Could you repeat exactly the lines below, from the line containing "Kpop baseball Jacket" through the last one, both included, while leaving out any pictures?

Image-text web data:

*-*-*

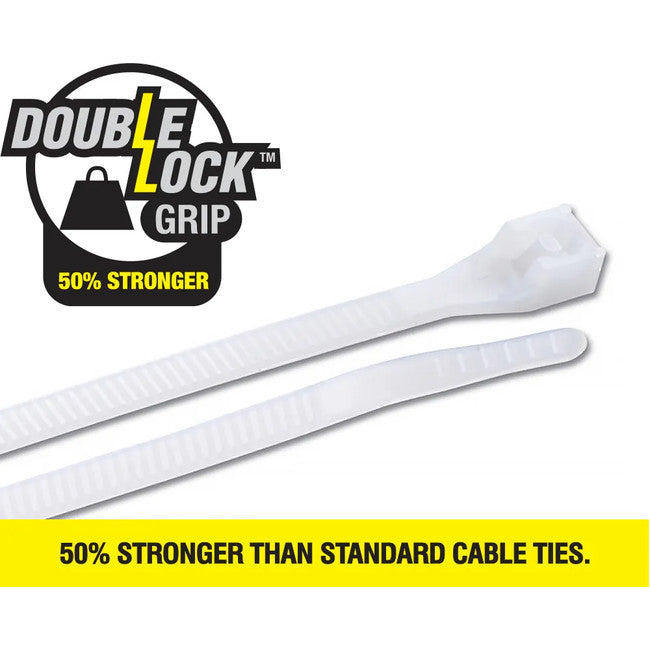 CT200NTDL 203 X 4.3MM DOUBLE LOCK CABLE TIE 100PK NATURAL CABAC 05571120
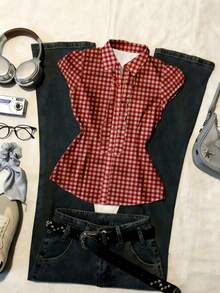 Glimmora 女士休闲格子印花衬衫，夏季 - 彩色 - 查看 4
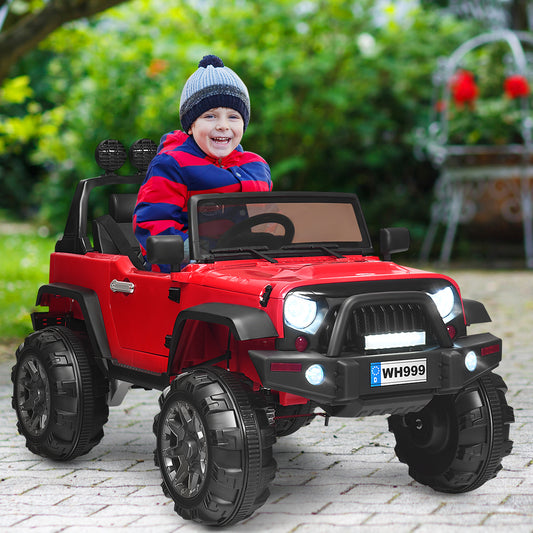 Infans 12V Kids Ride On Truck RC Car Spring Suspension w/ LED Light Music Trunk Red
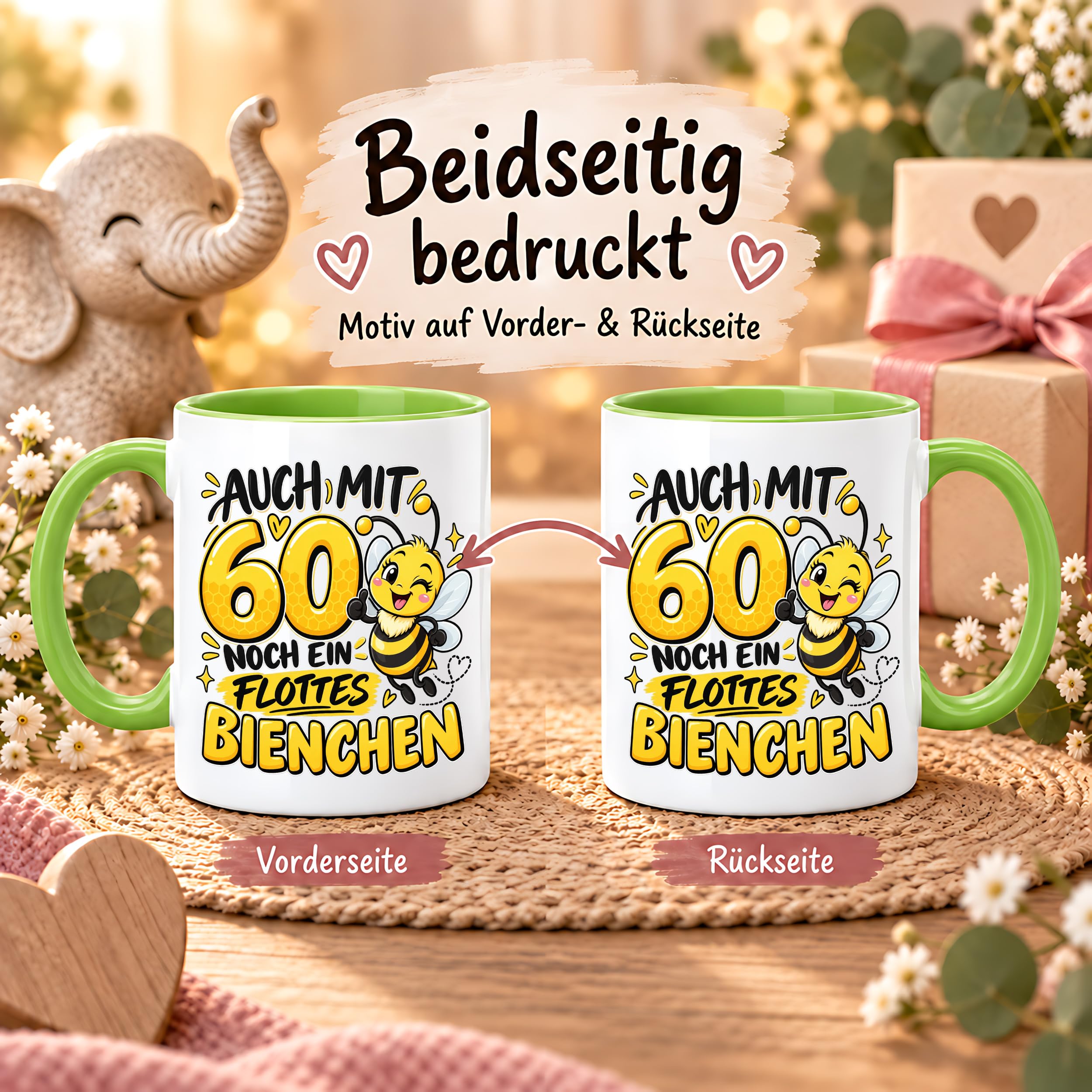 Herzbotschaft Tasse 60. Geburtstag Flottes Bienchen Geschenk für Frau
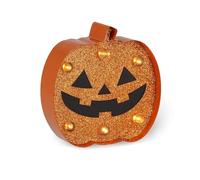 Legami - Mini luz decorativa, Metal, Madera, plástico, 2 Ranuras en la Parte Posterior para colgar la Luz en la Pared, color de la Luz Blanco cálido, 10 x 3,3 x 10 cm, Tema Pumpkin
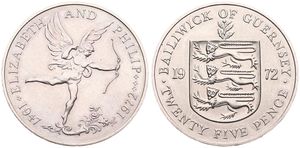 Guernsey, British Dependency, Elizabeth II, 25 Pence Copper-Nickel 1972, 25th Wedding Anniversary, KM 26, UNC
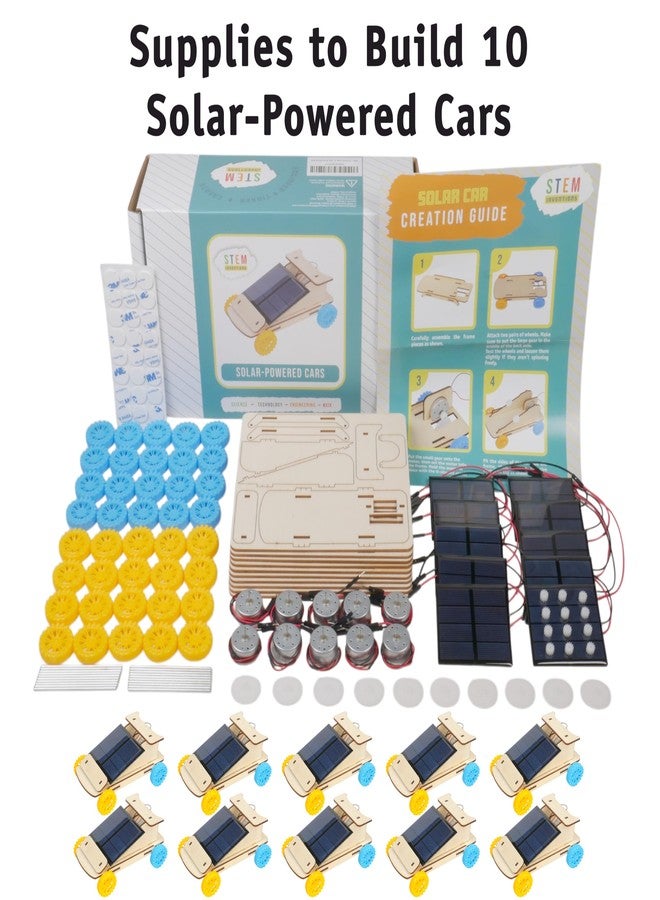 STEM Inventions Solar Powered Car Kit (10-Pack) - Build-Your-Own Wooden Solar Vehicles for Kids, STEM Engineering Project Kits for Classroom, Renewable Energy Science Experiments - Image 2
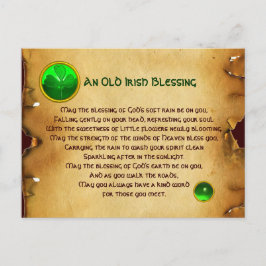 Ein alter irischer Segen für Luckparchment Postkarte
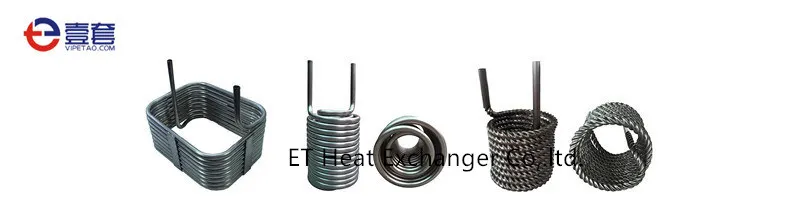
coil evaporator/spiral coil condenser/water cooler parts and stainless steel tube copper fin 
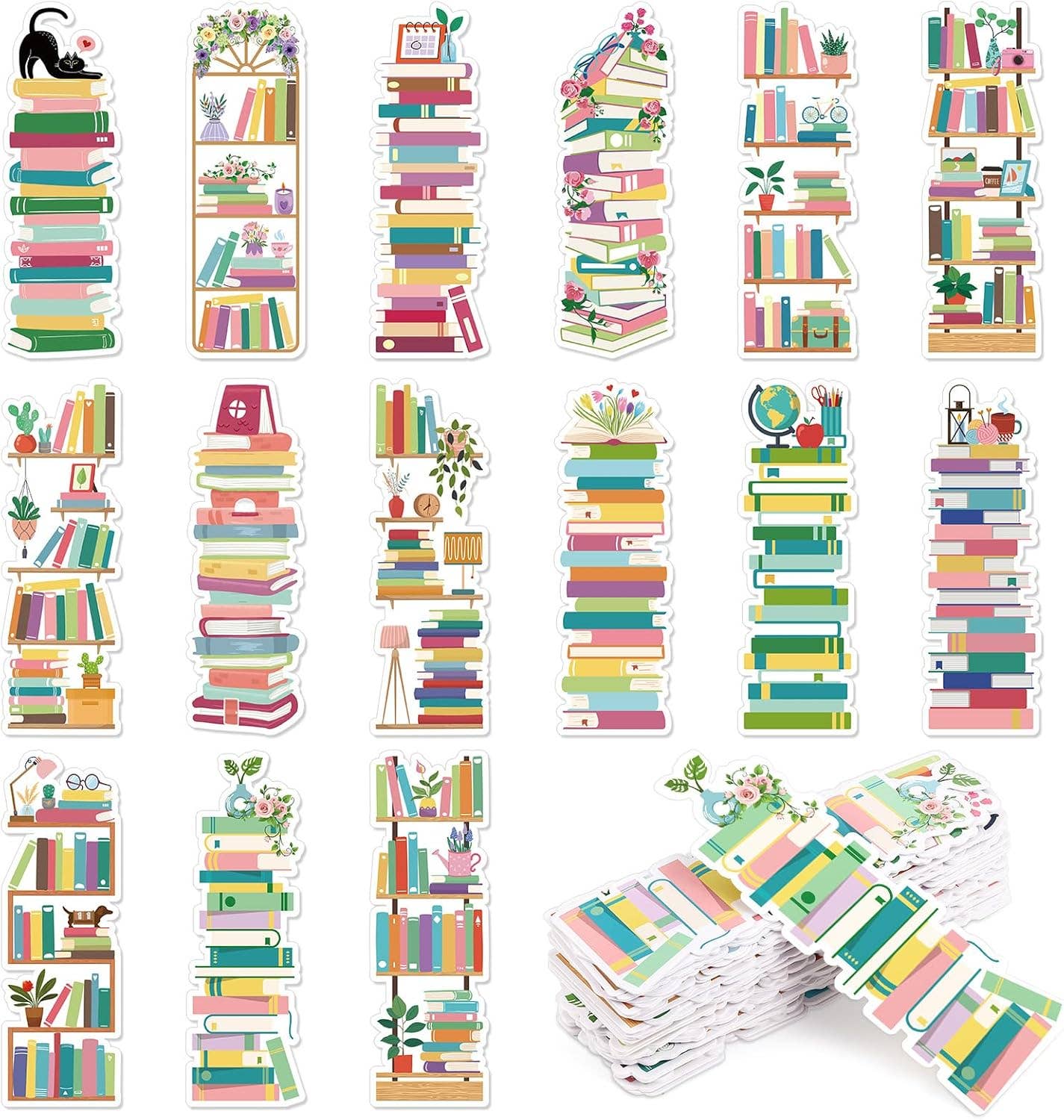 Whimsical Bookshelf Bookmarks – Customizable for Readers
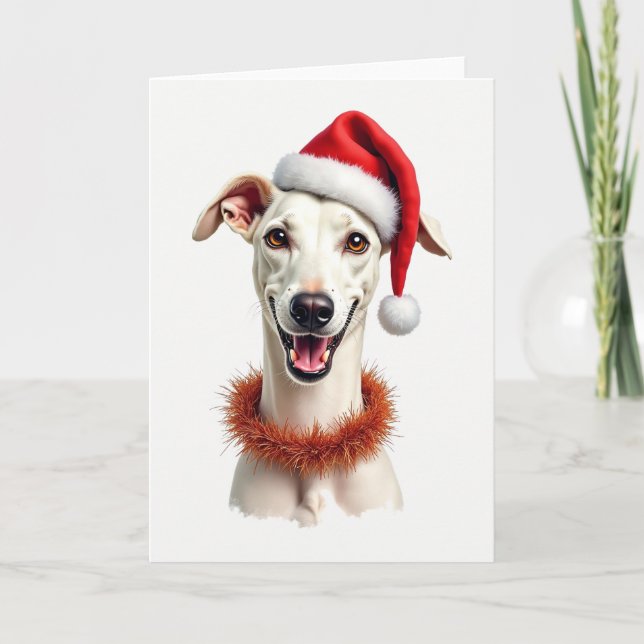 Whippet i en tomteluva julkort kort (Framsida)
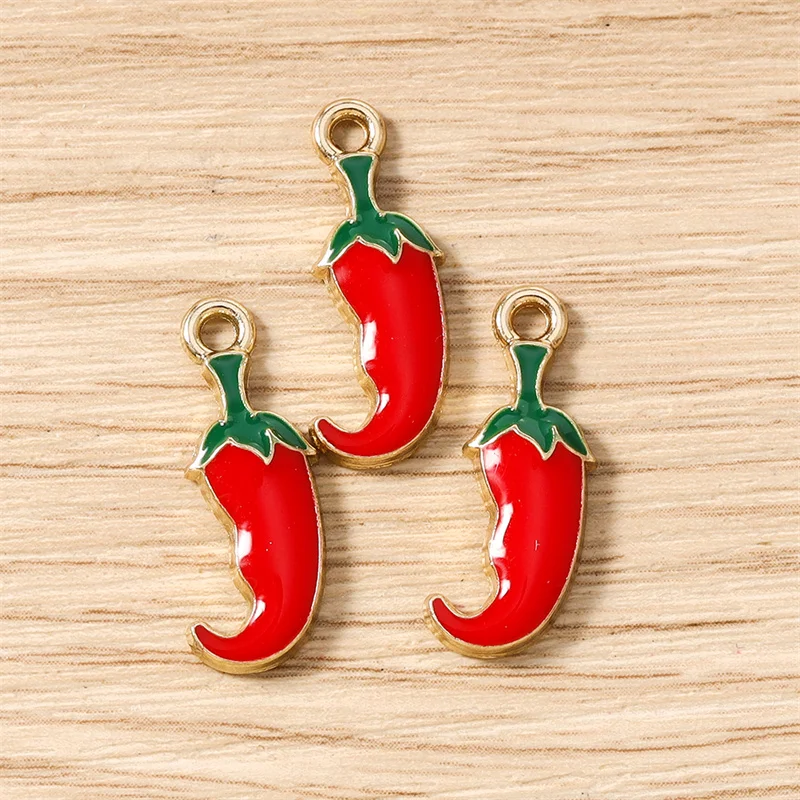 Tusember 10pcs Cute Enamel Chili Pepper Charms Pepper Pendants for DIY Drop Earrings Bracelet Necklace Jewelry Making Craft
Tusember 10pcs Cute Enamel Chili Pepper Charms Pepper Pendants for DIY Drop Earrings Bracelet Necklace Jewelry Making Craft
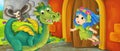 Cartoon queen and dragon near castle illustration Royalty Free Stock Photo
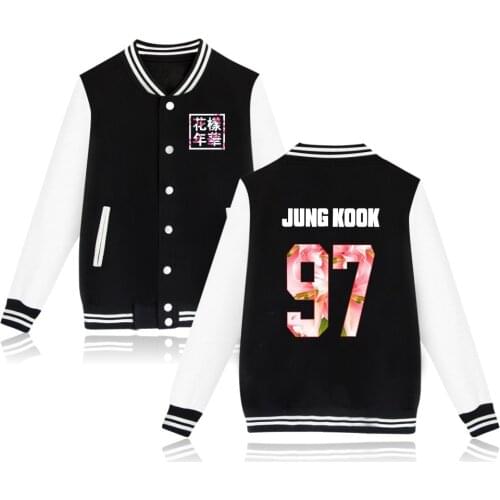 Kpop baseball Jacket For Women Bangtan Boys Album Floral Letter Print Fans Supportive Sweatshirt Harajuku Tracksuits clothes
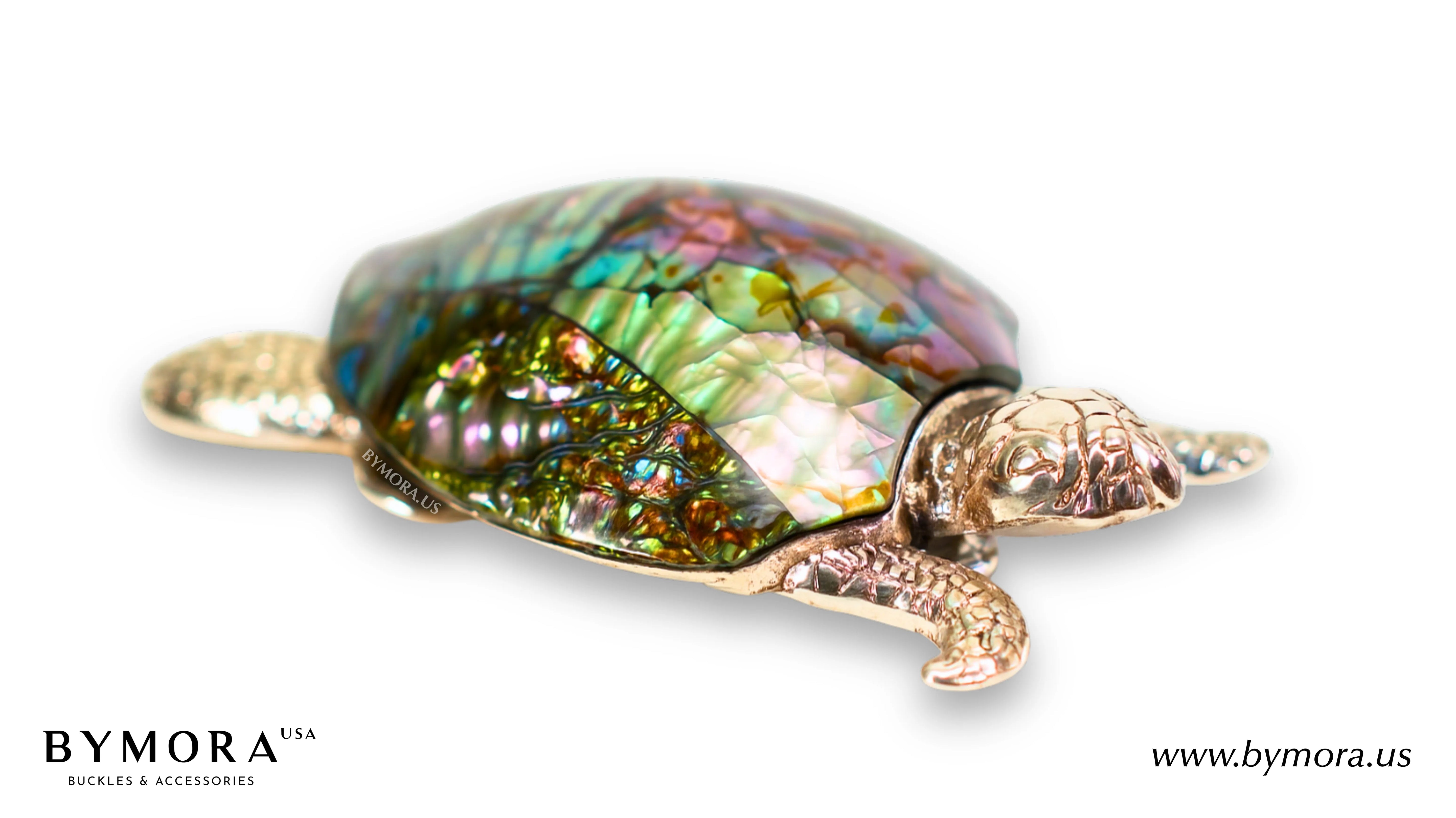 Luxury belt buckle turtle with green-blue mother of pearl Italian design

*-*-*

**TASK SOLUTION**
 Kpop baseball Jacket For Women Bangtan Boys Album Floral Letter Print Fans Supportive Sweatshirt Harajuku Tracksuits clothes
 Luxury belt buckle turtle with green-blue mother of pearl Italian design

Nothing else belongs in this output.